If the body is in a state of catabolism, it CANNOT build lean muscle tissue. But anyway, it wouldn’t really matter if the contestants on Loser were allowed more recovery, because the style of training employed by trainer Gillian is so atrocious, so fundamentally at odds with the proper methods for strength-building--and, therefore, the optimal production of lean body mass (a point I’ve tackled here previously).

Why is lean body mass so important? God, if I only had the time to name all the ways in which enhance strength and muscle mass are important! A physically stronger individual is a better individual. It’s not just the end result--heightened physical strength--that makes this true, but also the way disciplined, rigorous training prepares you mentally for the stresses that you are likely to face everywhere. A heavy set of squats is just hard in a way that walking or running on a treadmill for an hour is not. I’ve never gotten a case of the butterflies from before running, but I have before a heavy set of squats.

And that’s why strength training, true strength training, will never become extremely popular. People will continue to try to find shortcuts to better health and healthier living. They’ll continue to opt for strength training’s less effective and less intimidating cousin, cardiovascular exercise.
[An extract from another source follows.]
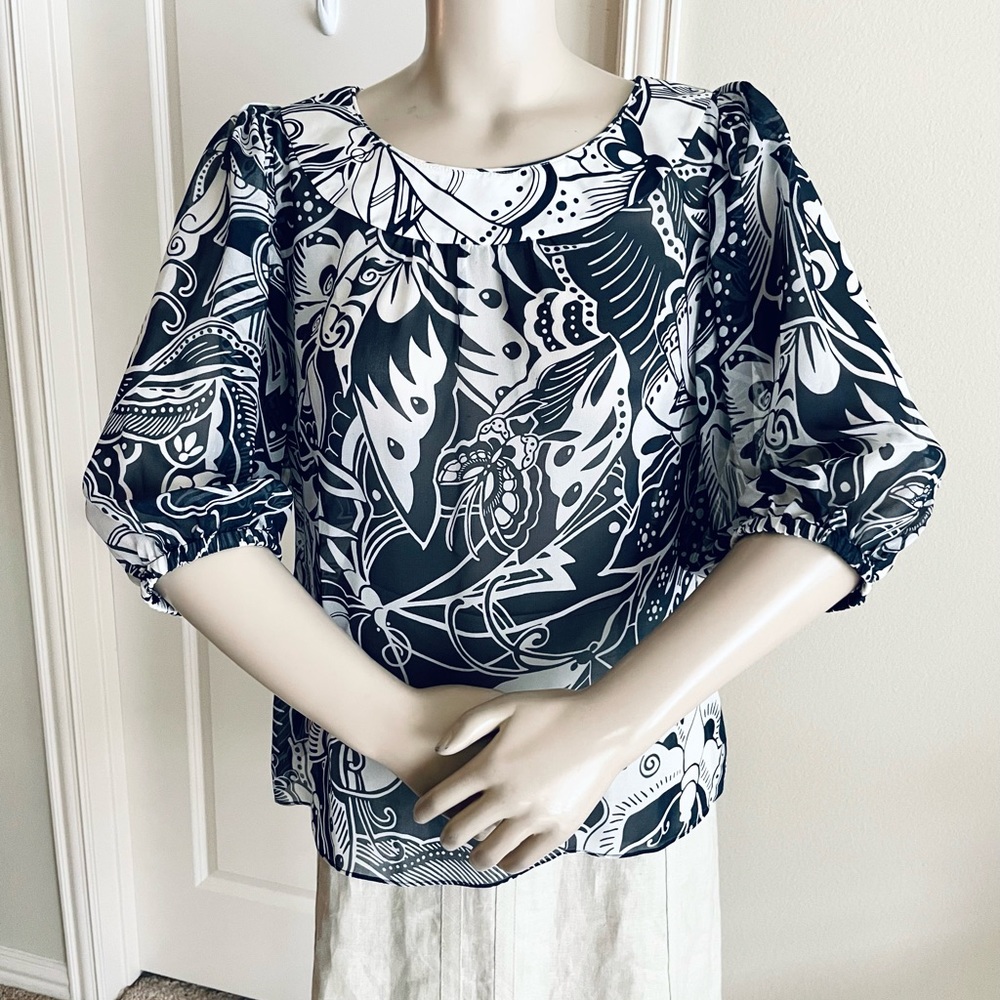 NWOT Banana Republic Chiffon Silk Blouse Top Size S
Of course, I couldn’t have appreciated all of this back in 1999, if you’d told me. In fact, exercise just became another form of pleasure-seeking, no less pathological than my terrible eating and laziness had been before. I shirked college and work-related responsibilities for the sake of exercise, even neglected loved ones, and I exercised myself to the point of emaciation. I thought I was fit, but I wasn’t. I thought I was happy, but I wasn’t that either. You see, happiness and pleasure have taken on different meanings, as has fitness. Happiness and pleasure on the one hand, like an improved physical appearance on the other, shouldn’t become ends in themselves because these qualities only come around once you’ve plotted a journey and chosen your destination. They’re byproducts, and anyway, they’re only meaningful in the context of this higher purpose: to be a stronger, therefore better, individual, more useful to yourself and to others in general.